→ TASK STATEMENT
Pictures must not appear in the copy. Set down exactly the line with "Hello Sunday The" and each line after it through the end of the data below.

→ PROVIDED MATERIAL
-.-.-

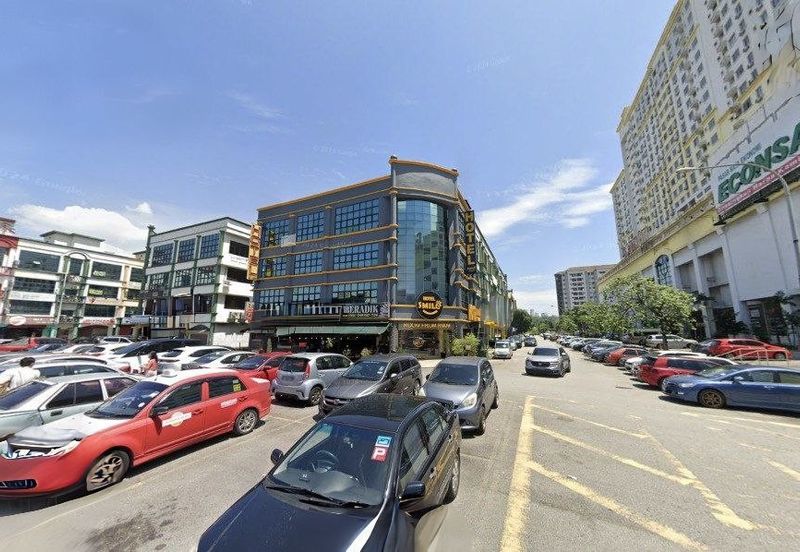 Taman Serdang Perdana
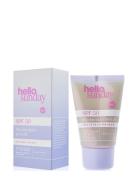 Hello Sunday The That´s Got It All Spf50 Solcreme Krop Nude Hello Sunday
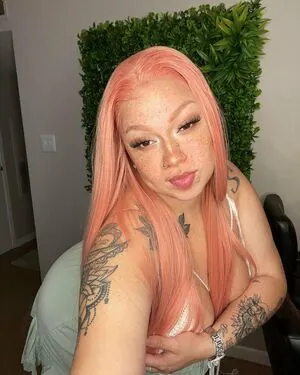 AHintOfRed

-.-.-

→ RESPONSE FOR THIS EXERCISE
 Hello Sunday The That´s Got It All Spf50 Solcreme Krop Nude Hello Sunday
 AHintOfRed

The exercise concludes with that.